Shalat merupakan perintah Allah yang wajib dilaksanakan oleh umat muslim. Shalat merupakan salah satu bentuk wujud ketaatan umat muslim kepada Allah SWT. Shalat lima waktu merupakan perintah Allah. Allah menjajikan kepada siapa saja yang melaksanakan kelima sholat, maka Allah akan memasukan orang tersebut ke dalam surga.
Dalam riwayat HR Abu Dawud no. 1420 dijelaskan “Siapa yang mengerjakannya tanpa menyia-nyiakan di antara kelima shalat tersebut karena meremehkan keberadaannya maka ia mendapatkan janji dari sisi Allah untuk Allah masukkan ke surga. Namun siapa yang tidak mengerjakannya maka tidak ada baginya janji dari sisi Allah, jika Allah menghendaki Allah akan mengadzabnya, dan jika Allah menghendaki maka Allah akan mengampuninya.”
Menghadap kiblat pada saat sholat merupakan salah satu syarat sah shalat, dalam Al-Qu’ran dan Al-Hadist telah dijelaskan ketentuan-ketentuan tentang arah kiblat.
Allah Ta’ala berfirman dalam al-Qur’an surat al-Baqarah ayat 144:
فَوَلِّ وَجْهَكَ شَطْرَ الْمَسْجِدِ الْحَرَامِ وَحَيْثُ مَا كُنْتُمْ فَوَلُّوا وُجُوهَكُمْ شَطْرَهُ
“Palingkanlah mukamu ke arah Masjidil Haram daan dimana saja kamu berada, palingkanlah mukamu ke arahnya.” (QS.al-Baqarah: 144)

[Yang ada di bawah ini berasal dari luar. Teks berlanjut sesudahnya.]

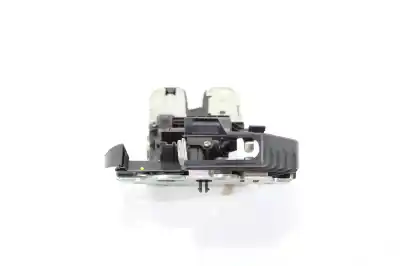 Second-hand car spare part trunk lock for skoda rapid active oem iam references 5e0827505  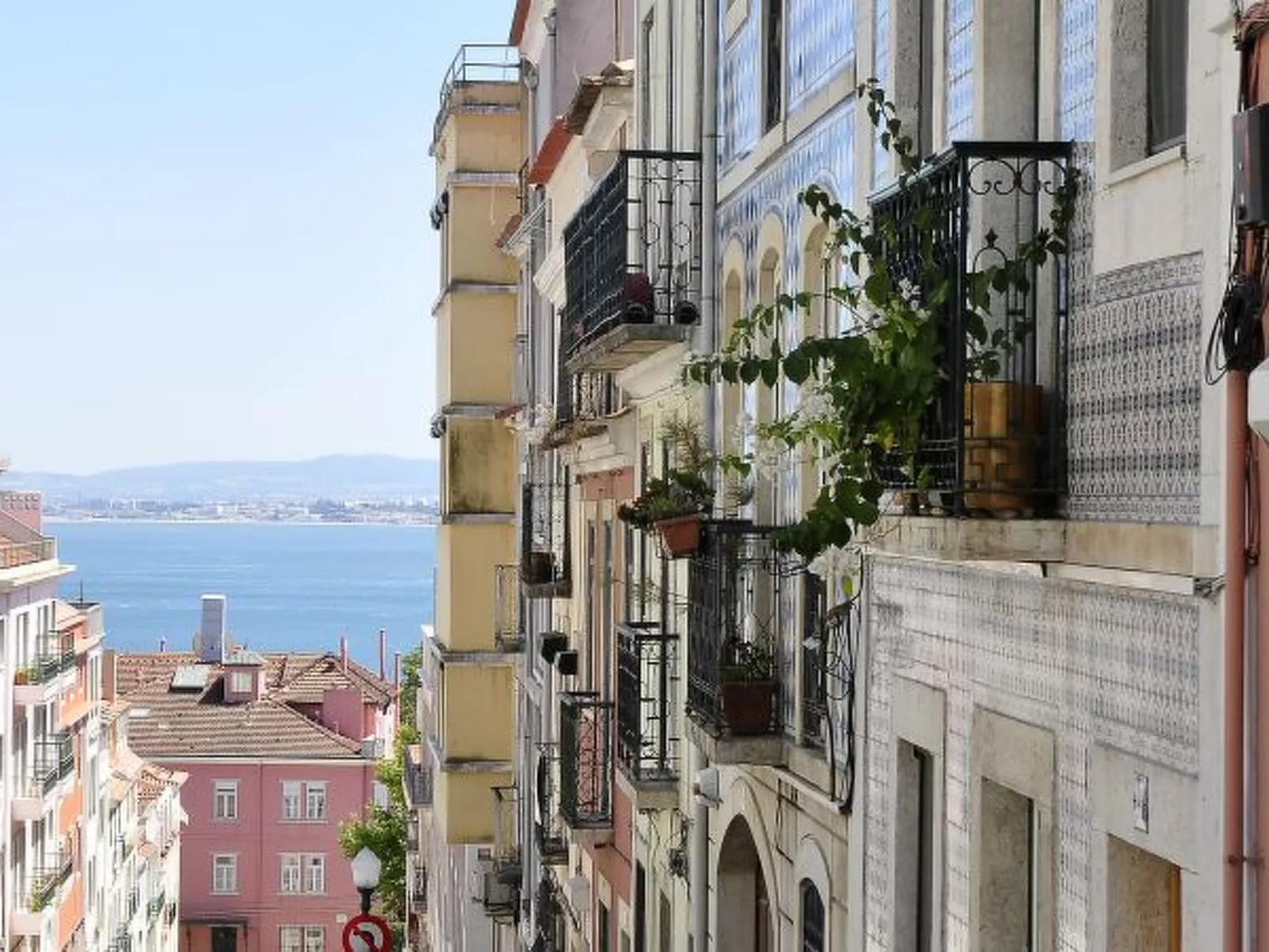 Lapa Chic Apartment - Buiten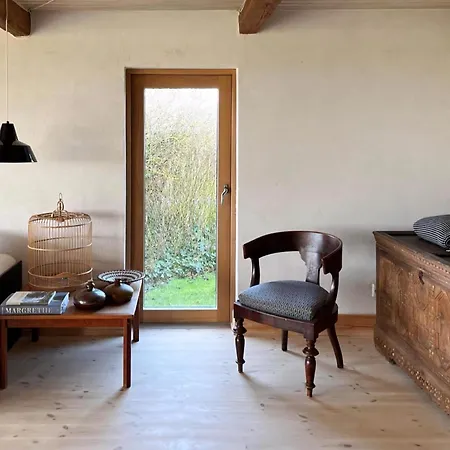 Timber House With Sea View In *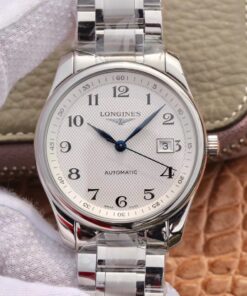 V9 Factory Longines Master Collection 40mm L2.793.4.78.6 Replica Watch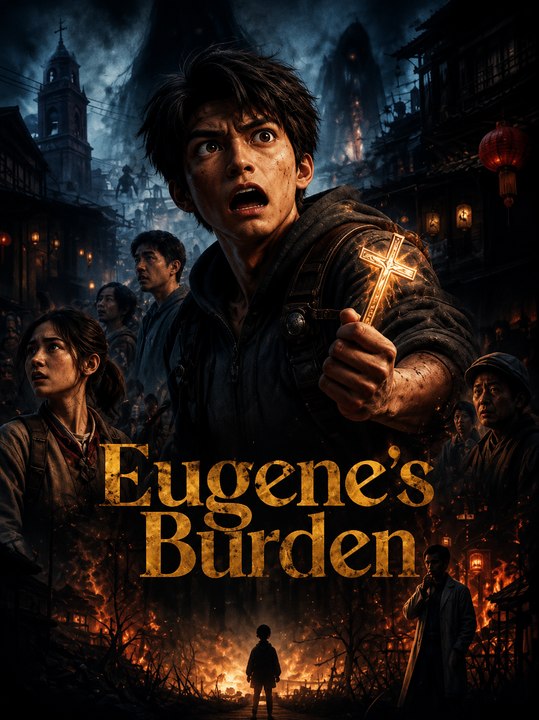 Eugene's Burden EP Dark Fantasy Action Drama Mystery, Survival, Curse & Hero's Journey - ENGSUB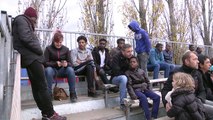 D!CI TV : Alpes de Haute-Provence : Quand les migrants découvrent le rugby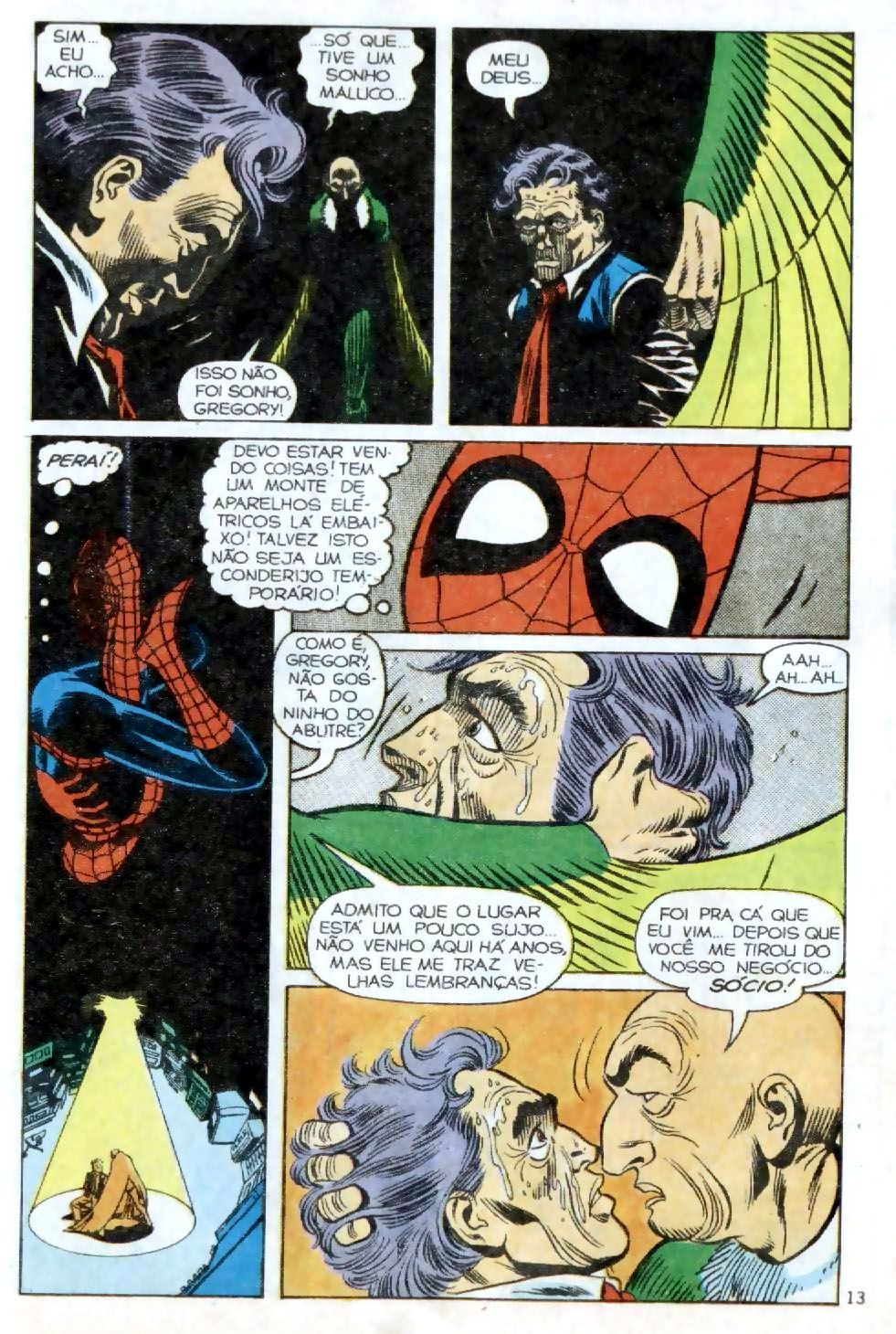 Read Amazing Spider Man (PT-BR) PT Manga Online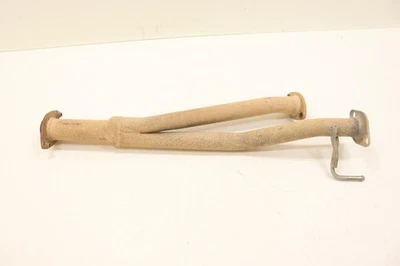 2016 - 2023 TOYOTA TACOMA 3,5 Л ЦЕНТРАЛЬНАЯ ПРОМЕЖУТОЧНАЯ ТРУБА ВЫХЛОПНОЙ СИСТЕМЫ OEM - Изображение 1 из 4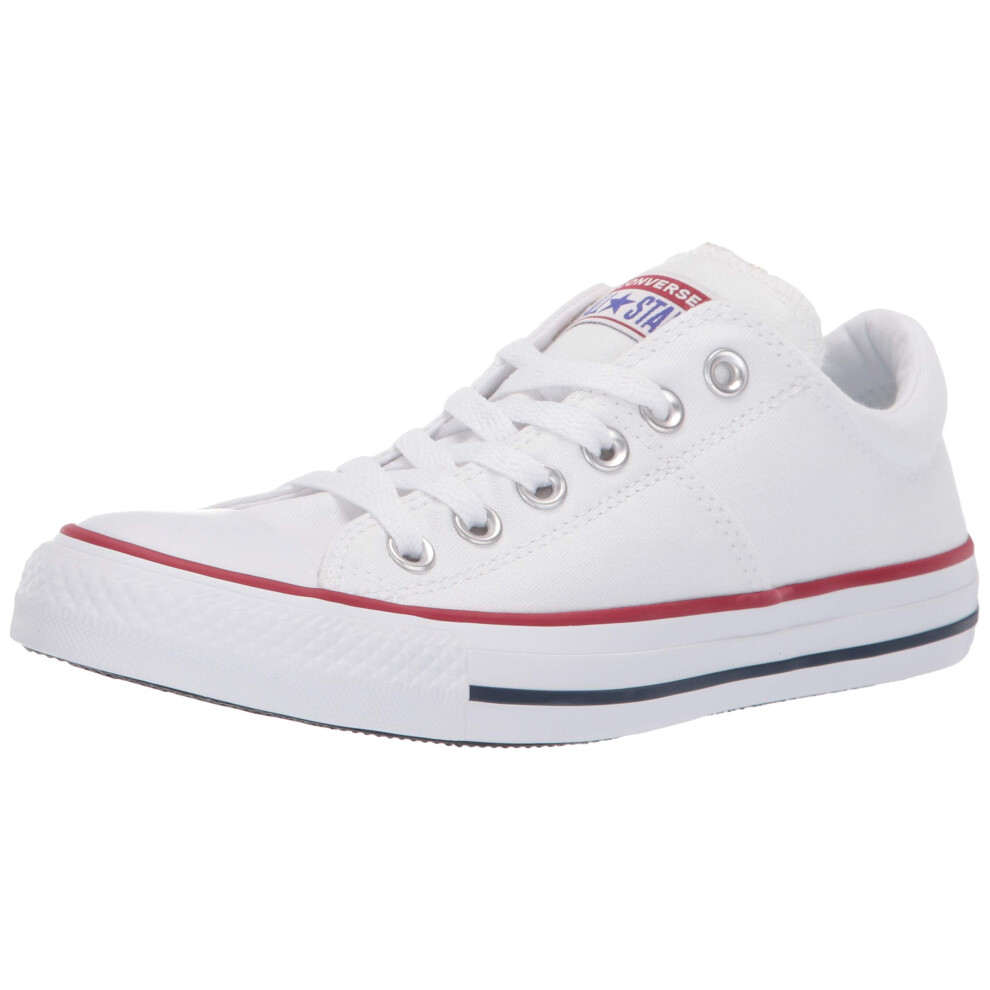 Converse Women's Chuck Taylor All Star Madison Low Top Sneaker  White/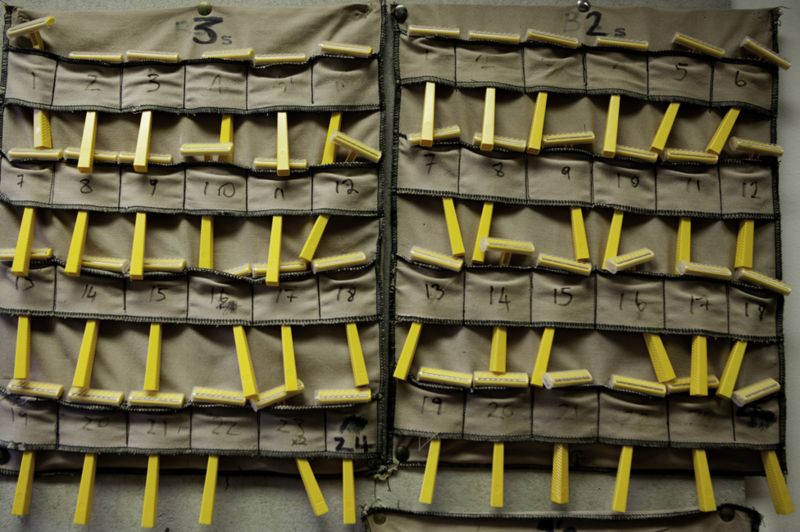 Why are graduates competing to be prison officers? - BBC News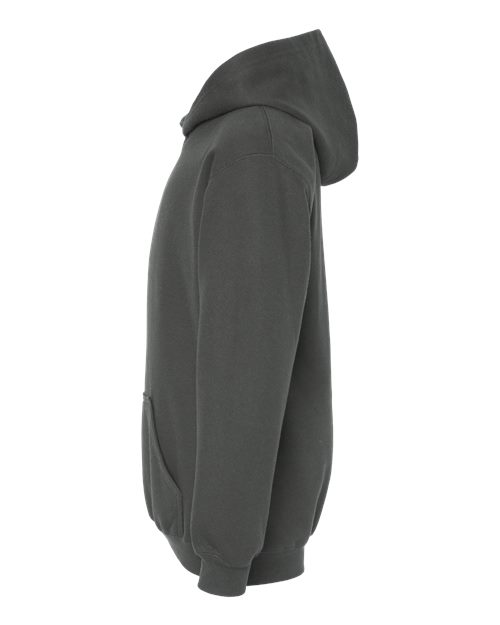 Charcoal-model Image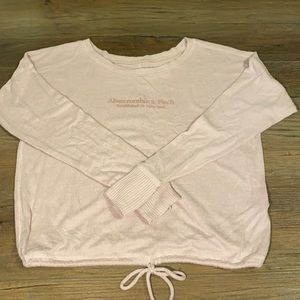 Abercrombie and Fitch Soft and Cozy Sweater (M)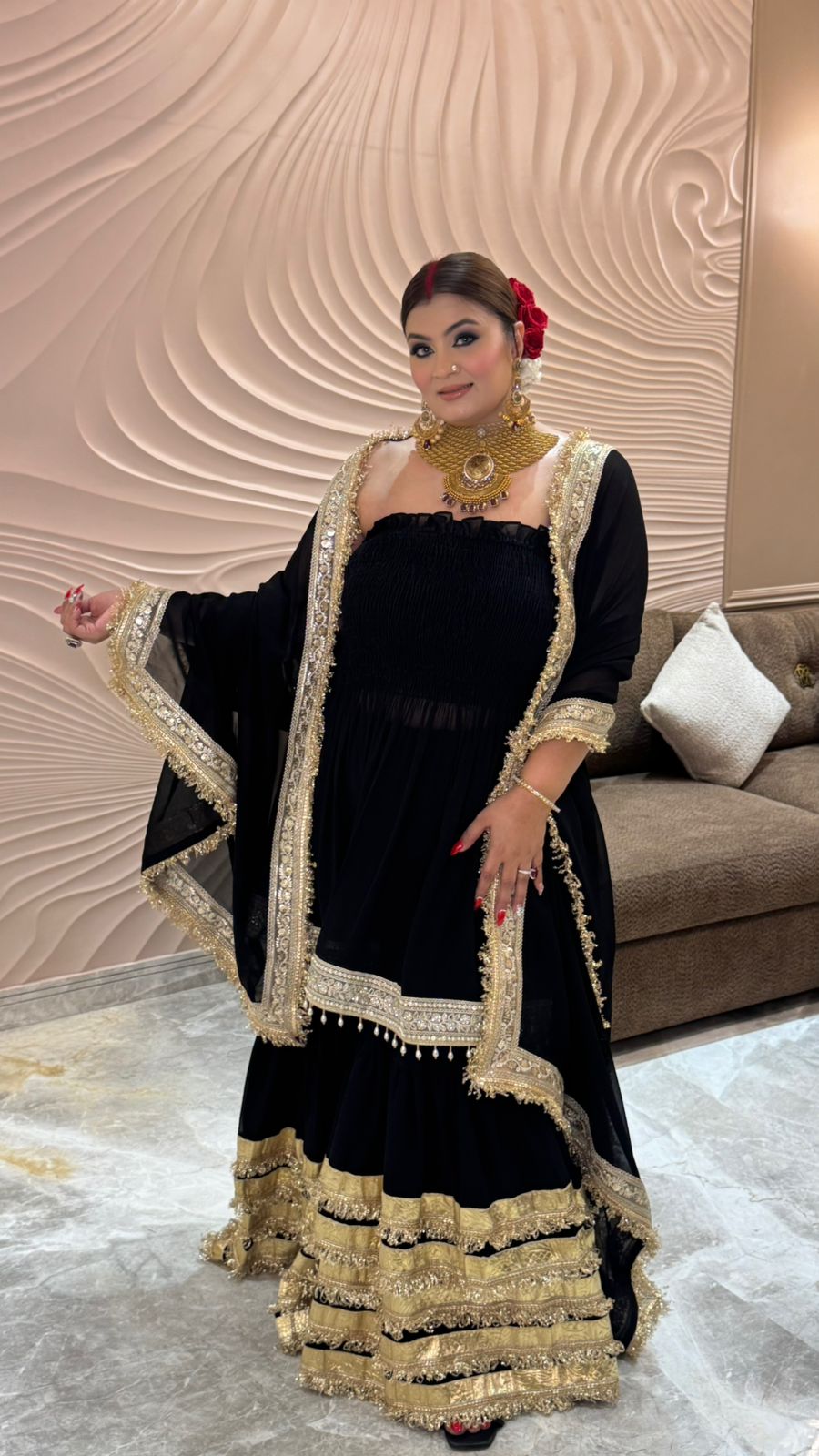 Classique (Stitched Suits)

Sebelum ayat ini turun, umat Islam pada saat itu menghadap Baitul Maqdis dalam shalatnya. Kemudian ayat ini turun men-nasakh hukum tersebut dan memerintahkan untuk menghadap kiblat.
إِذَا قُمْتَ إِلَى الصَّلاَةِ فَأَسْبِغِ الْوُضُوءَ ثُمَّ اسْتَقْبِلِ الْقِبْلَةَ فَكَبِّرْ
“Jika engkau hendak mendirikan shalat maka sempurnakanlah wudhumu, kemudian menghadaplah ke kiblat lalu bertakbirlah.” (HR. al-Bukhari Muslim)
Namun bagimana cara kita menghadap kiblat, apabila kita sedang didalam perjalanan, diatas suatu kendaraan atau berjalan di waktu malam?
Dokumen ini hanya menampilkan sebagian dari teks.